Items from a dataset
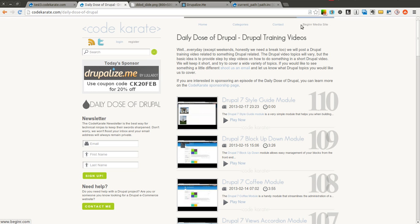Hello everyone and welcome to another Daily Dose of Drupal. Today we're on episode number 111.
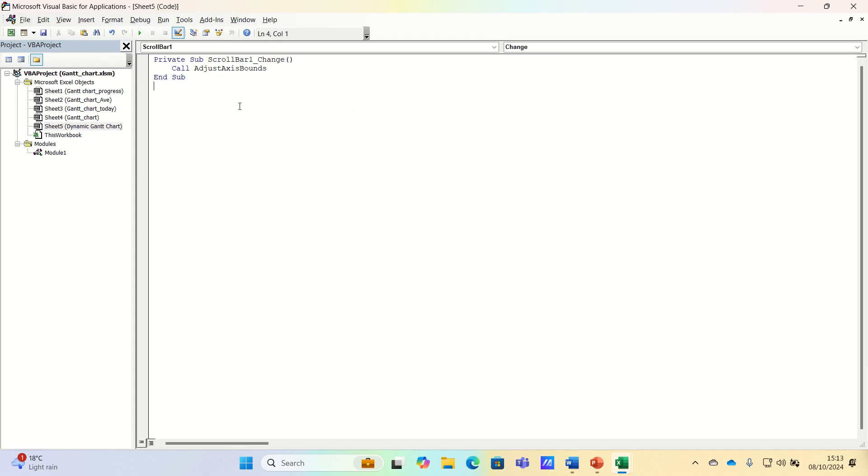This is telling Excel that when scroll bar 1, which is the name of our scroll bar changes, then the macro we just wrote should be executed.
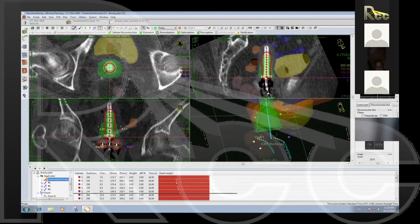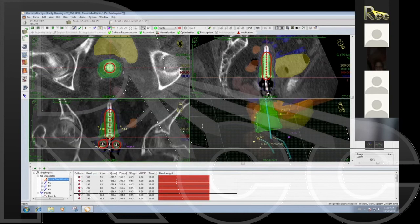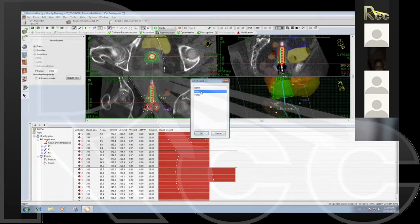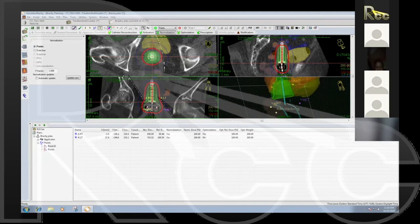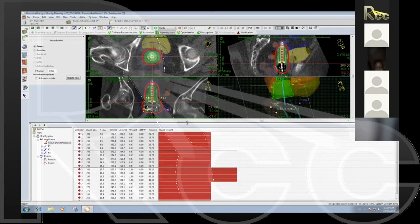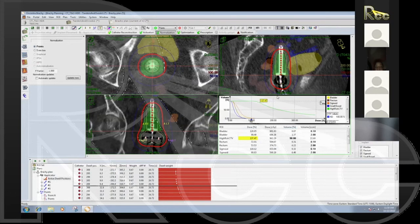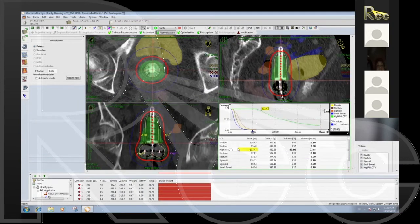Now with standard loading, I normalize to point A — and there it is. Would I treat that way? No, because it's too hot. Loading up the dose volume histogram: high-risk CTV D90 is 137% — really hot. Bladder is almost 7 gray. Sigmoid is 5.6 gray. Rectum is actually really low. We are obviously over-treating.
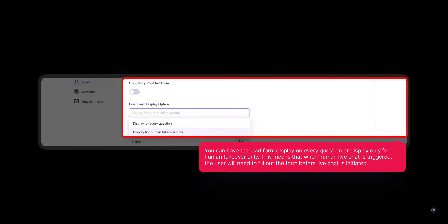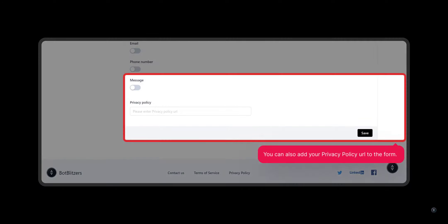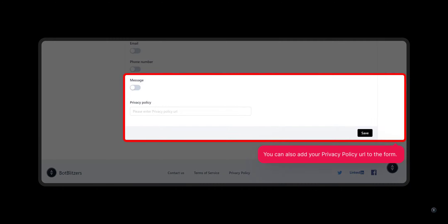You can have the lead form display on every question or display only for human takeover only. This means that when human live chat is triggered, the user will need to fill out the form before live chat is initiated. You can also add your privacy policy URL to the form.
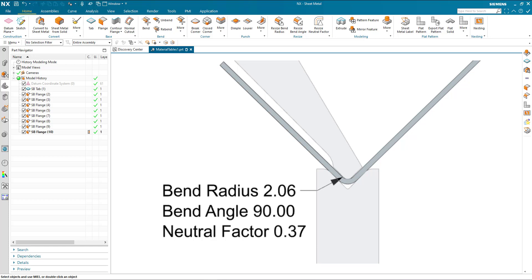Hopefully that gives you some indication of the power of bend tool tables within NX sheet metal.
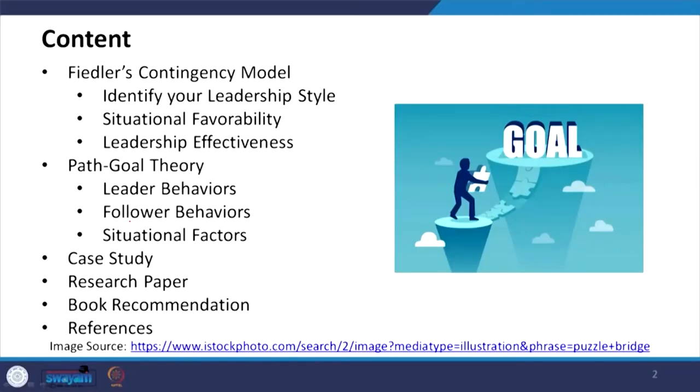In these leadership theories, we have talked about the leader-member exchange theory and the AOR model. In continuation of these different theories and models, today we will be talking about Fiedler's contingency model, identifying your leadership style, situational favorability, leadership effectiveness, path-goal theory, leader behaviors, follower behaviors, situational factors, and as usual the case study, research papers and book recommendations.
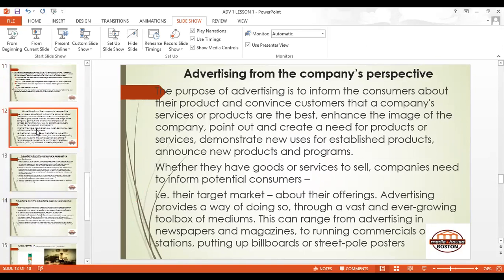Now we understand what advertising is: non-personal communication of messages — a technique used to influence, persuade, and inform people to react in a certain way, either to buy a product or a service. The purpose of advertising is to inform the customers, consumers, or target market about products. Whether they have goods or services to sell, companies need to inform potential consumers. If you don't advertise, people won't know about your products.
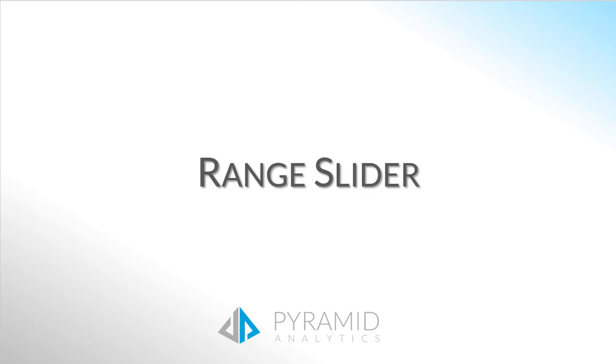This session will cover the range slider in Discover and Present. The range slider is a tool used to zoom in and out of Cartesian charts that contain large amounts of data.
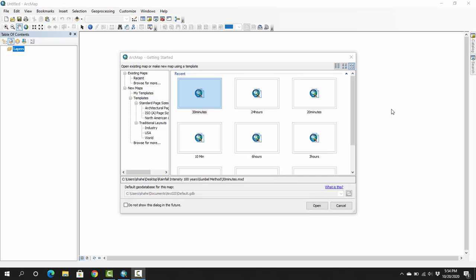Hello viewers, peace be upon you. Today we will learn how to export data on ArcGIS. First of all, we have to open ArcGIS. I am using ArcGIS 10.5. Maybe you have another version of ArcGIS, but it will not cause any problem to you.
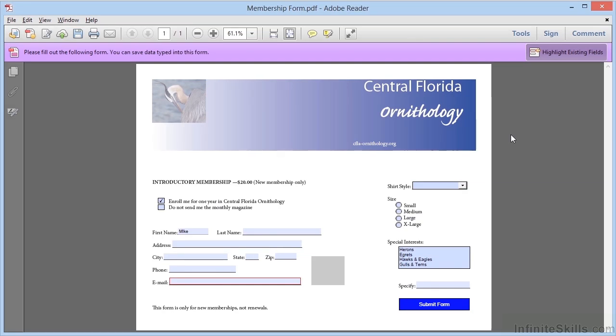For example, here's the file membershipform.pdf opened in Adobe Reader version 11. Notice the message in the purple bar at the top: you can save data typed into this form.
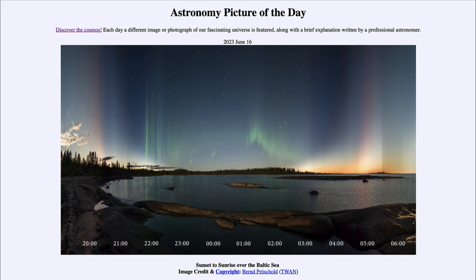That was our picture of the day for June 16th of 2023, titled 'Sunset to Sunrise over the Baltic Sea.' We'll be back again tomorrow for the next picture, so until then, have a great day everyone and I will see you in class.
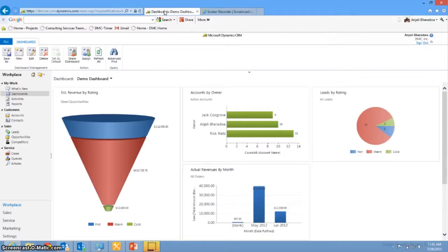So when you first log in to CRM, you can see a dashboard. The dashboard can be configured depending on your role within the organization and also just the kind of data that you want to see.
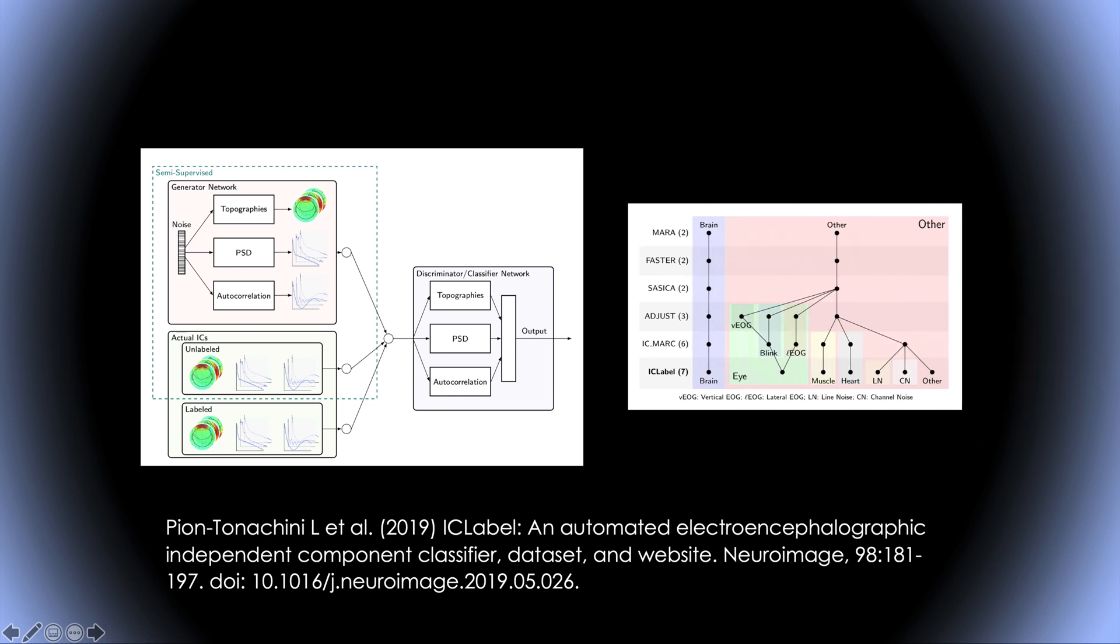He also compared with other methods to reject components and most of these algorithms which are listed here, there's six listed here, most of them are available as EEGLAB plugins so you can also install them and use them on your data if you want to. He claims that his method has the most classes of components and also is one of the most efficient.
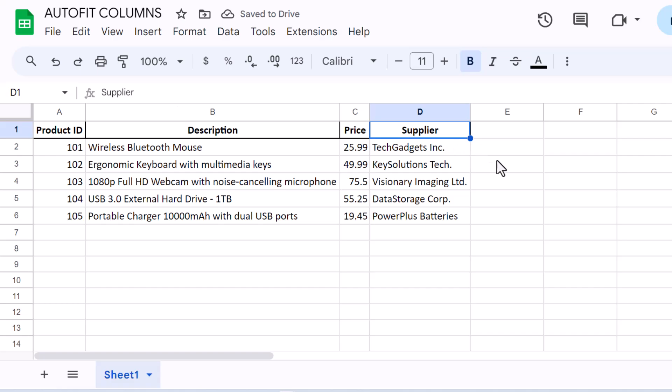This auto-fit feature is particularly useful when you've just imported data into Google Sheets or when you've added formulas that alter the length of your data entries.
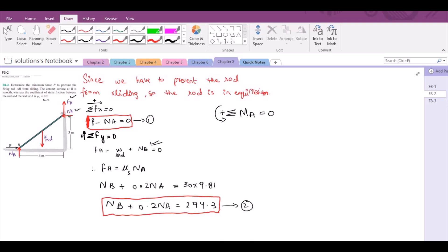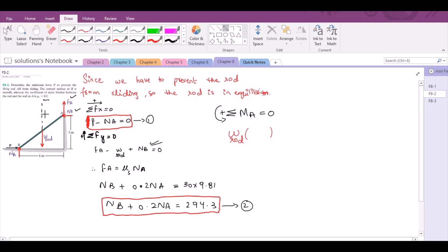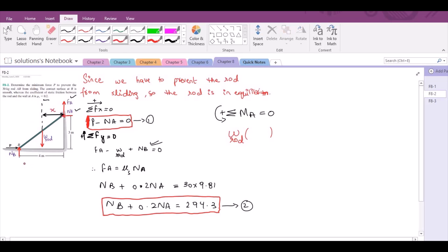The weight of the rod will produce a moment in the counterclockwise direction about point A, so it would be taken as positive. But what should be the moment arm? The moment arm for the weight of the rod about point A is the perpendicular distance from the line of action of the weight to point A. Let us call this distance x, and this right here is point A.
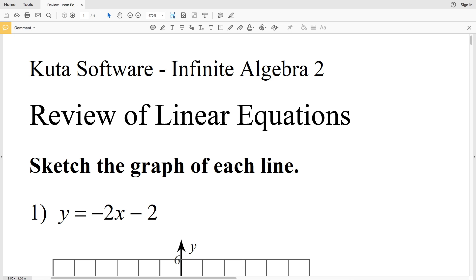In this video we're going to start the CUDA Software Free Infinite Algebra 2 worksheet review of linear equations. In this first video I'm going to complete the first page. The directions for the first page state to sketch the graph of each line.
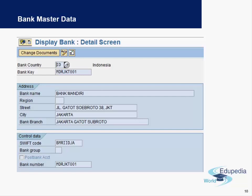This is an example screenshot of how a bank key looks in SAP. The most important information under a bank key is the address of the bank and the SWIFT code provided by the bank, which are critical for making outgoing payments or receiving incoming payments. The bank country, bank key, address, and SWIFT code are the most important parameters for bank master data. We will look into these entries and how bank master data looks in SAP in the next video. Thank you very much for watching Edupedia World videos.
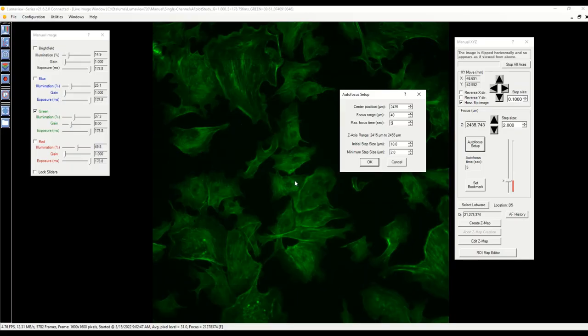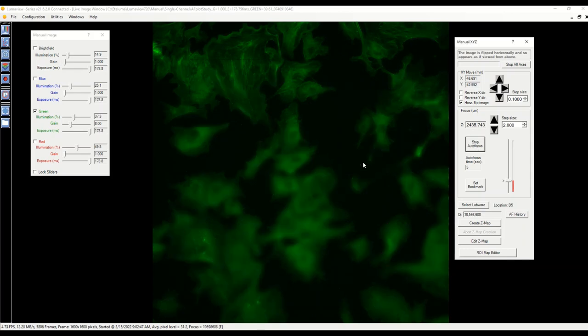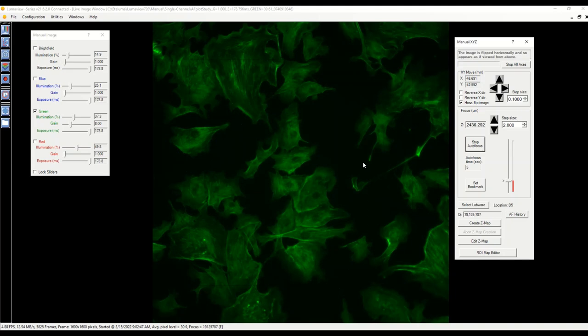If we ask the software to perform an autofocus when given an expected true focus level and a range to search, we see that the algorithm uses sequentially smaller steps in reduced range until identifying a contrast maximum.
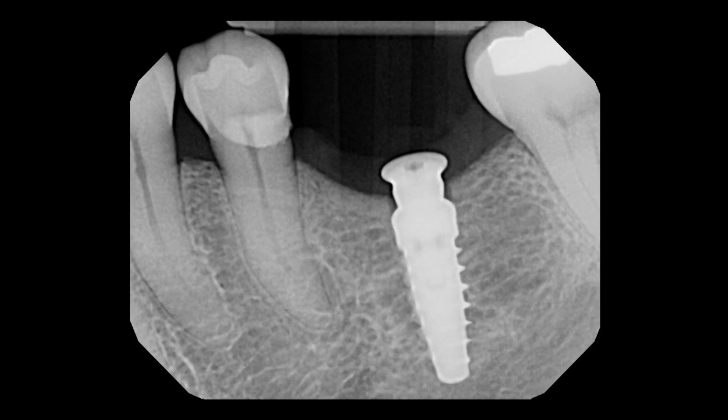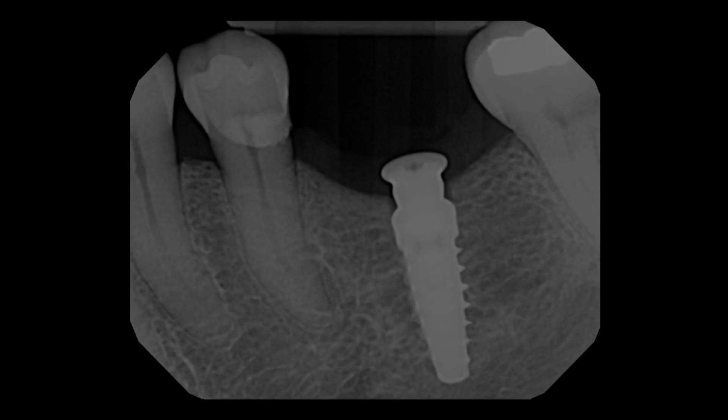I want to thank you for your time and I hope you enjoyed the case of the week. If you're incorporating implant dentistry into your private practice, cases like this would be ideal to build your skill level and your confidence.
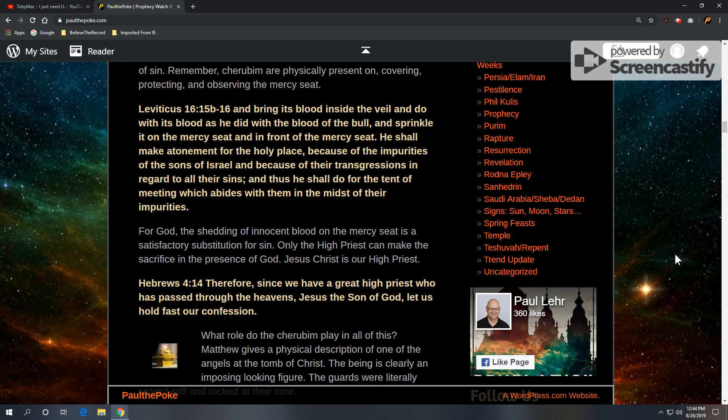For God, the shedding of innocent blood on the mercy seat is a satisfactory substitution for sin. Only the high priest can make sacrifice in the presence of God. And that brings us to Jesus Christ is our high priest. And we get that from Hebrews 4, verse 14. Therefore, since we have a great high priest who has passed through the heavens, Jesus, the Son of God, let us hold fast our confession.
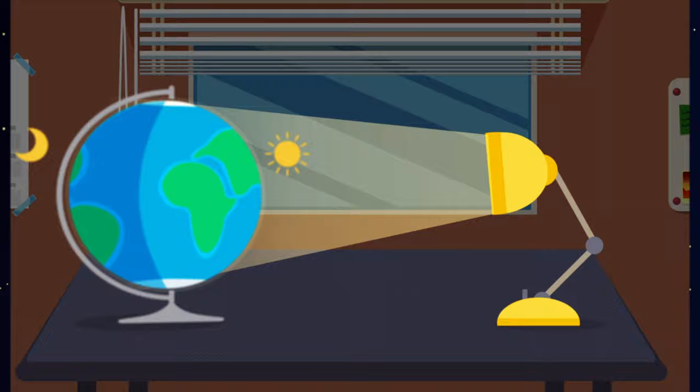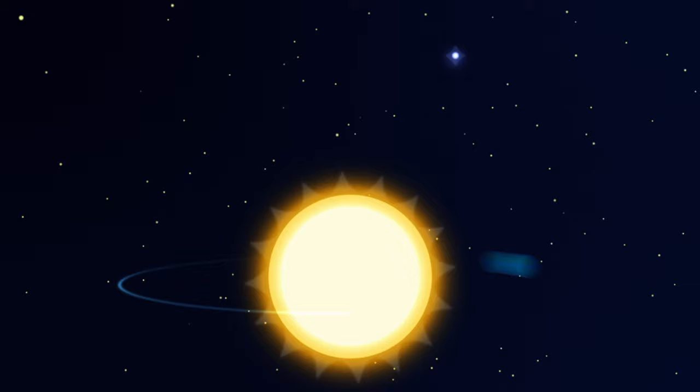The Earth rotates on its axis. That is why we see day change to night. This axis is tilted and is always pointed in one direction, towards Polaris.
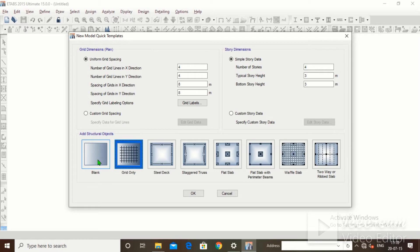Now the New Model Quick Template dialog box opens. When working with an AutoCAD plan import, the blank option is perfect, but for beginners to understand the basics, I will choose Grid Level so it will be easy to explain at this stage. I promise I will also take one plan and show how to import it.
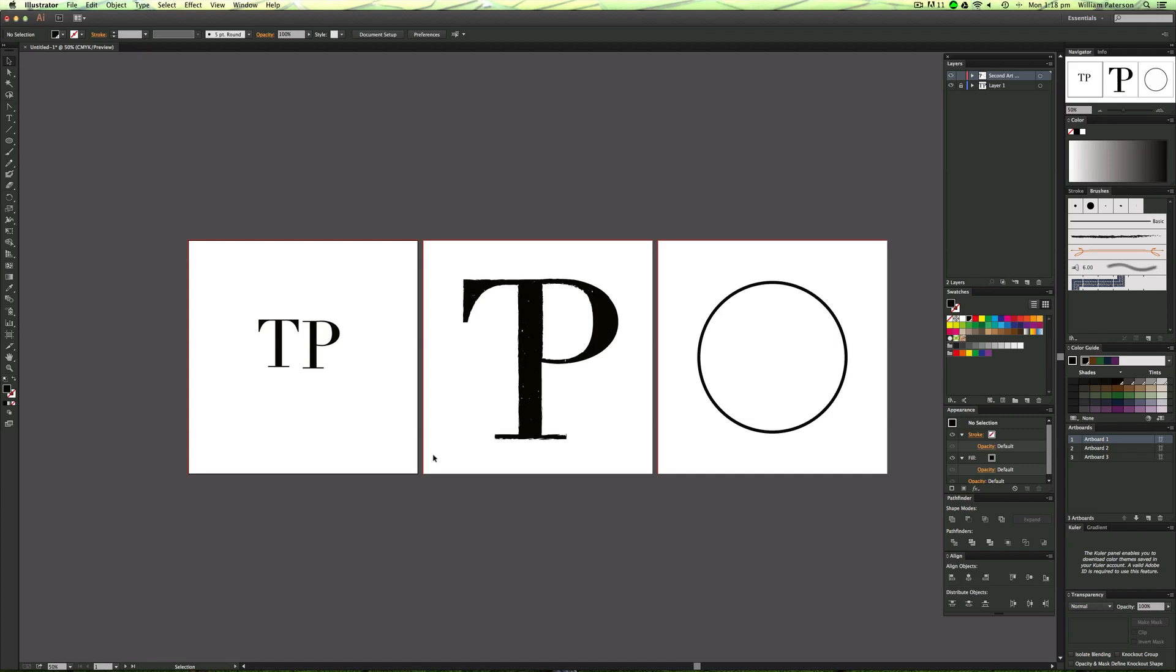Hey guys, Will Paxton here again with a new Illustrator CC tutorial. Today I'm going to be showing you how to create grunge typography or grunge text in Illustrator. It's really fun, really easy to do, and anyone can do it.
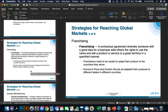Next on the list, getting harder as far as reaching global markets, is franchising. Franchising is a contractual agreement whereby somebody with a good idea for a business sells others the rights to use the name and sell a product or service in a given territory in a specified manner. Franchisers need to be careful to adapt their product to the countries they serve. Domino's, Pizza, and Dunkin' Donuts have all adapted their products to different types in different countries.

→ REQUIREMENT: From the records given above, reproduce all text exactly and exclude each picture.

→ EXERCISE OUTPUT:
Hello everyone and welcome to another Daily Dose of Drupal. Today we're on episode number 111.
This is telling Excel that when scroll bar 1, which is the name of our scroll bar changes, then the macro we just wrote should be executed.
Now with standard loading, I normalize to point A — and there it is. Would I treat that way? No, because it's too hot. Loading up the dose volume histogram: high-risk CTV D90 is 137% — really hot. Bladder is almost 7 gray. Sigmoid is 5.6 gray. Rectum is actually really low. We are obviously over-treating.
You can have the lead form display on every question or display only for human takeover only. This means that when human live chat is triggered, the user will need to fill out the form before live chat is initiated. You can also add your privacy policy URL to the form.
Hopefully that gives you some indication of the power of bend tool tables within NX sheet metal.
In these leadership theories, we have talked about the leader-member exchange theory and the AOR model. In continuation of these different theories and models, today we will be talking about Fiedler's contingency model, identifying your leadership style, situational favorability, leadership effectiveness, path-goal theory, leader behaviors, follower behaviors, situational factors, and as usual the case study, research papers and book recommendations.
Now we understand what advertising is: non-personal communication of messages — a technique used to influence, persuade, and inform people to react in a certain way, either to buy a product or a service. The purpose of advertising is to inform the customers, consumers, or target market about products. Whether they have goods or services to sell, companies need to inform potential consumers. If you don't advertise, people won't know about your products.
This session will cover the range slider in Discover and Present. The range slider is a tool used to zoom in and out of Cartesian charts that contain large amounts of data.
Hello viewers, peace be upon you. Today we will learn how to export data on ArcGIS. First of all, we have to open ArcGIS. I am using ArcGIS 10.5. Maybe you have another version of ArcGIS, but it will not cause any problem to you.
For example, here's the file membershipform.pdf opened in Adobe Reader version 11. Notice the message in the purple bar at the top: you can save data typed into this form.
That was our picture of the day for June 16th of 2023, titled 'Sunset to Sunrise over the Baltic Sea.' We'll be back again tomorrow for the next picture, so until then, have a great day everyone and I will see you in class.
So when you first log in to CRM, you can see a dashboard. The dashboard can be configured depending on your role within the organization and also just the kind of data that you want to see.
He also compared with other methods to reject components and most of these algorithms which are listed here, there's six listed here, most of them are available as EEGLAB plugins so you can also install them and use them on your data if you want to. He claims that his method has the most classes of components and also is one of the most efficient.
This auto-fit feature is particularly useful when you've just imported data into Google Sheets or when you've added formulas that alter the length of your data entries.
The weight of the rod will produce a moment in the counterclockwise direction about point A, so it would be taken as positive. But what should be the moment arm? The moment arm for the weight of the rod about point A is the perpendicular distance from the line of action of the weight to point A. Let us call this distance x, and this right here is point A.
In this video we're going to start the CUDA Software Free Infinite Algebra 2 worksheet review of linear equations. In this first video I'm going to complete the first page. The directions for the first page state to sketch the graph of each line.
This is an example screenshot of how a bank key looks in SAP. The most important information under a bank key is the address of the bank and the SWIFT code provided by the bank, which are critical for making outgoing payments or receiving incoming payments. The bank country, bank key, address, and SWIFT code are the most important parameters for bank master data. We will look into these entries and how bank master data looks in SAP in the next video. Thank you very much for watching Edupedia World videos.
If we ask the software to perform an autofocus when given an expected true focus level and a range to search, we see that the algorithm uses sequentially smaller steps in reduced range until identifying a contrast maximum.
I want to thank you for your time and I hope you enjoyed the case of the week. If you're incorporating implant dentistry into your private practice, cases like this would be ideal to build your skill level and your confidence.
For God, the shedding of innocent blood on the mercy seat is a satisfactory substitution for sin. Only the high priest can make sacrifice in the presence of God. And that brings us to Jesus Christ is our high priest. And we get that from Hebrews 4, verse 14. Therefore, since we have a great high priest who has passed through the heavens, Jesus, the Son of God, let us hold fast our confession.
The Earth rotates on its axis. That is why we see day change to night. This axis is tilted and is always pointed in one direction, towards Polaris.
Now the New Model Quick Template dialog box opens. When working with an AutoCAD plan import, the blank option is perfect, but for beginners to understand the basics, I will choose Grid Level so it will be easy to explain at this stage. I promise I will also take one plan and show how to import it.
Hey guys, Will Paxton here again with a new Illustrator CC tutorial. Today I'm going to be showing you how to create grunge typography or grunge text in Illustrator. It's really fun, really easy to do, and anyone can do it.
Next on the list, getting harder as far as reaching global markets, is franchising. Franchising is a contractual agreement whereby somebody with a good idea for a business sells others the rights to use the name and sell a product or service in a given territory in a specified manner. Franchisers need to be careful to adapt their product to the countries they serve. Domino's, Pizza, and Dunkin' Donuts have all adapted their products to different types in different countries.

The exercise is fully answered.